Anxiety was expressed in a growing body of academic literature that ‘if we continue our present practices we will face a steady deterioration of the conditions under which we live’ and about the real danger that humankind ‘may destroy the ability of the earth to support life’. This alarmist mood, in expectation of an imminent ecological catastrophe, stimulated a new mode of thinking about development and prepared the way for sustainable development as an alternative to unlimited economic growth.

5.1. Growing awareness of the limits to growth

Expectations of unlimited economic growth were dampened when a worldwide recession occurred in the mid-seventies (1974–1976), following in the wake of the first oil crisis of 1973, which had demonstrated the potential consequences of resource shortages. Restrictions on the growth of world markets were ascribed to increasing inequalities, which obstructed the broadening of the market that was required for continued growth. All efforts to get the world economy going again failed and the downswing continued into the 1980s. Recovery in the northern hemisphere started only in the late 1980s.

Reflection upon the causes of the recession led to an awareness of the limits to economic growth. At this point people started realizing that it was ‘becoming increasingly doubtful whether the blissful effects of technology can be permanently extended beyond the confines of the industrialized countries to the vast and rapidly growing majority of people who do not yet share them but enviously long for them’.

In the early 1970s the well-known report of the Club of Rome, a group of eminent economists and scientists, was published under the title The limits to growth.

They warned that the Earth had a limited supply of physical resources and that exceeding the limits of exploitation could end in catastrophe. The authors came to an apocalyptic conclusion:

‘‘If the present growth trends in world population, industrialization, pollution, food production, and resource depletion continue unchanged, the limits to growth on this planet will be reached sometime within the next one hundred years. The most probable result will be a rather sudden and uncontrollable decline in both population and industrial capacity’’.

Michael Kenny regards the publication of Limits to growth as ‘the key moment in the transformation of disparate anxiety about environmental problems into more focused discussion of an alternative to present-day society’. The need to challenge unrestricted economic growth was placed on the political agenda. Limits to growth started a debate over the question whether high rates of economic growth were desirable or even possible.

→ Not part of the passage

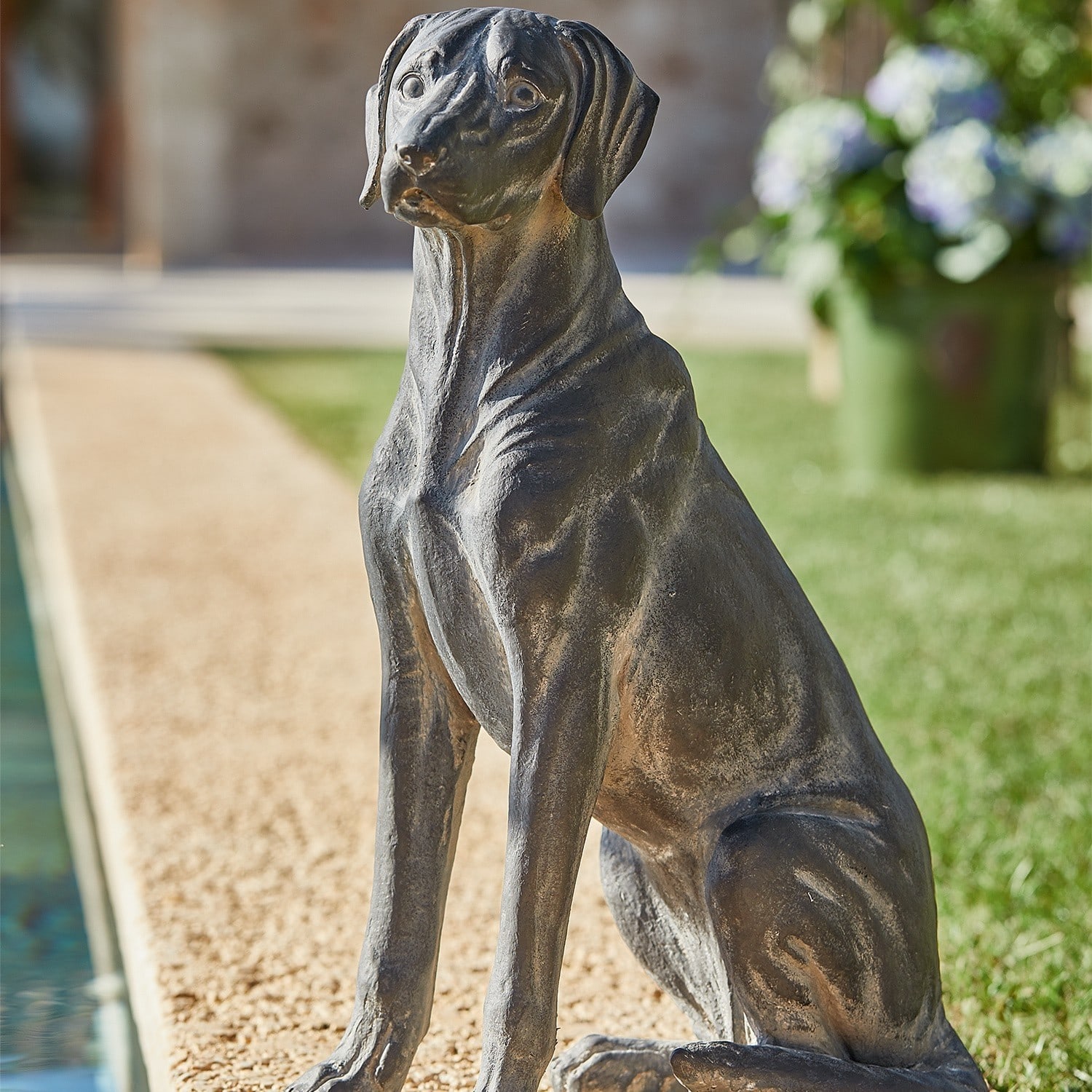 Hund Healy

On the one side of the debate were the advocates of growth. They did not deny the problems of population growth, energy supply and environmental degradation, but they were confident that humankind would find or create the new resources, as well as the methods of conservation and pollution control needed to cope with these problems. In some circles there was undiminished faith that the further development of science would open up humane possibilities. Advocates of modernization predicted that by the year 2000 birth rates would have been lowered, productivity of agriculture would have increased, problems to create new energy sources would have been overcome, air and water pollution would be under control, there would still be a sufficient supply of raw materials for industry and the developing countries would have doubled their income per capita. Some of these predictions have been realized in the last 30 years, others not. This optimistic side of the debate represented a vulgarization of Kant’s belief in progress through enlightenment. The damage caused to the environment and the gulf between rich and poor were admitted, but the remedy was seen in further scientific and technological development. New tech- nologies and ‘anti-technologies’ had to be developed to counter the damage caused by industrialization and wasteful consumerism, and to help the underprivileged to enjoy a better quality of life.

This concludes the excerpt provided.